L’image d’en-tête vient de Breaking Bad, ceux qui ont vu cette excellente série comprendront le lien avec ce présent article 😉

Ce dossier est disponible en PDF : https://www.hacking-social.com/wp-content/uploads/2018/07/la-pleine-conscience-de-la-mort-2.pdf

Pour tester cela, les chercheurs ont postulé que si c’était bien les valeurs associées à la pleine conscience qui contraient les biais après saillance de la mort, alors les personnes pleinement conscientes approuveraient davantage ces valeurs puisqu’il s’agirait de leur défense. Un peu comme si l’inconscient se disait « je ne veux pas penser à la mort, pensons plutôt fortement à l’altruisme » : certes, les biais liés à la saillance de la mort seraient amoindris grâce à la valeur « altruisme », mais cela resterait néanmoins une défense qui permet de dénier la mort, donc ce ne serait pas un mécanisme de pleine conscience qui agit dans la protection contre les biais, mais un mécanisme de défense via des valeurs. Si au contraire, c’est effectivement la pleine conscience qui protège contre les biais, alors les personnes ne dénieraient pas la saillance de la mort, ne mettraient pas en œuvre des mécanismes de défense ; leurs valeurs resteraient stables, inchangées par la saillance de la mort, parce qu’ils ont traité consciemment cette idée de la mort ; ils ne s’en défendraient pas, elle ne serait pas une menace.

 


Étude 4


Cette expérience a cette fois-ci été réalisée en Angleterre.
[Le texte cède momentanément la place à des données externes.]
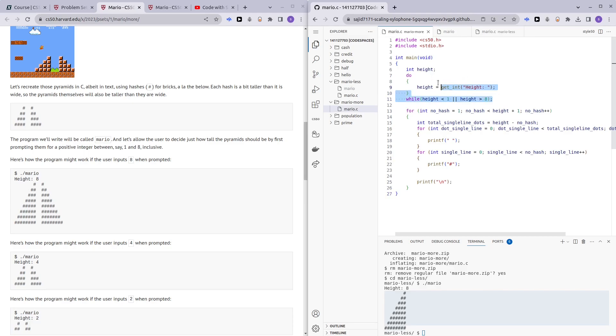Alright, so first and foremost, we ask for the height and I assume by now you guys can do this do-while loop. Get the height and keep prompting the user for the height as long as the height is less than one or more than eight because we want the height to be in between one and eight.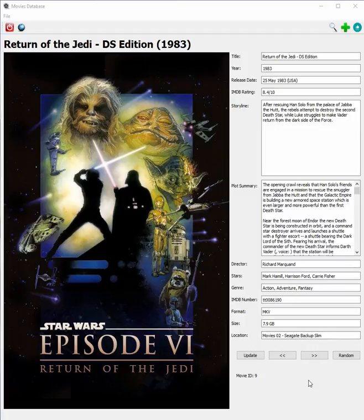Hey guys, it's Luke again, back with another demonstration of what you can do with the Python programming language. Python is a new language I'm taking on — I started learning it about a week ago and it's been going really well. I've been able to do a lot of cool things with it. I used to have a huge DVD and Blu-ray collection, but I've gotten rid of that and gone all digital, so my movies are spread across a bunch of hard drives. I decided one of my Python projects would be to create a program to catalog my movie collection.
Il y avait un échantillon de 65 étudiants.

Étape 1

Il leur était soumis un questionnaire de pleine conscience (détaillé dans cet article : [TMT3] Quand ne pas penser à la mort nous fait perdre l’esprit critique )

Étape 2

Les étudiants étaient soumis soit à la condition de saillance de la mort (comme l’étude 1), soit à la condition contrôle (comme l’étude 2, sur la souffrance dentaire)

Étape 3

Les étudiants étaient distraits soit par un questionnaire d’humeur, soit par des mots fléchés.

Étape 4

Les étudiants étaient soumis à un questionnaire nommé « Schwartz value survey » qui consiste à noter l’importance de différentes valeurs dans sa vie (de -1 « opposé à mes valeurs » à 7 « d’importance suprême ») Par exemple ces valeurs (non-exhaustives ; La totalité et le test complet sont ici http://valeurs.universelles.free.fr/test.html) :

  • CRÉATIVITÉ (originalité, imagination)
  • UN MONDE EN PAIX (libéré des guerres et des conflits)
  • RESPECT DE LA TRADITION (préserver les coutumes consacrées par le temps)
  • PRÉSERVANT MON IMAGE PUBLIQUE (soucieux de ne pas perdre la « face »)
  • OBÉISSANT (remplissant ses obligations, ayant le sens du devoir)
  • INTELLIGENT (logique, réfléchi)
  • LIBERTÉ (liberté de pensée et d’action)
  • UNE VIE SPIRITUELLE (accent mis sur les aspects spirituels et non matériels)
  • SENTIMENT DE NE PAS ÊTRE ISOLÉ (sentiment que les autres se soucient de moi)
  • ORDRE SOCIAL (stabilité de la société)
  • […]

Ces items sont accrochés à des grandes catégories de valeurs telles que la bienveillance, l’universalisme, l’autonomie, la sécurité, la domination d’autrui, la conformité, l’hédonisme, la réussite, la tradition, le pouvoir, etc. On peut en faire deux grandes catégories avec d’un côté des valeurs de dépassement de soi (bienveillance, universalisme…) qui s’opposent aux valeurs d’amélioration de soi (domination, réussite, pouvoir…)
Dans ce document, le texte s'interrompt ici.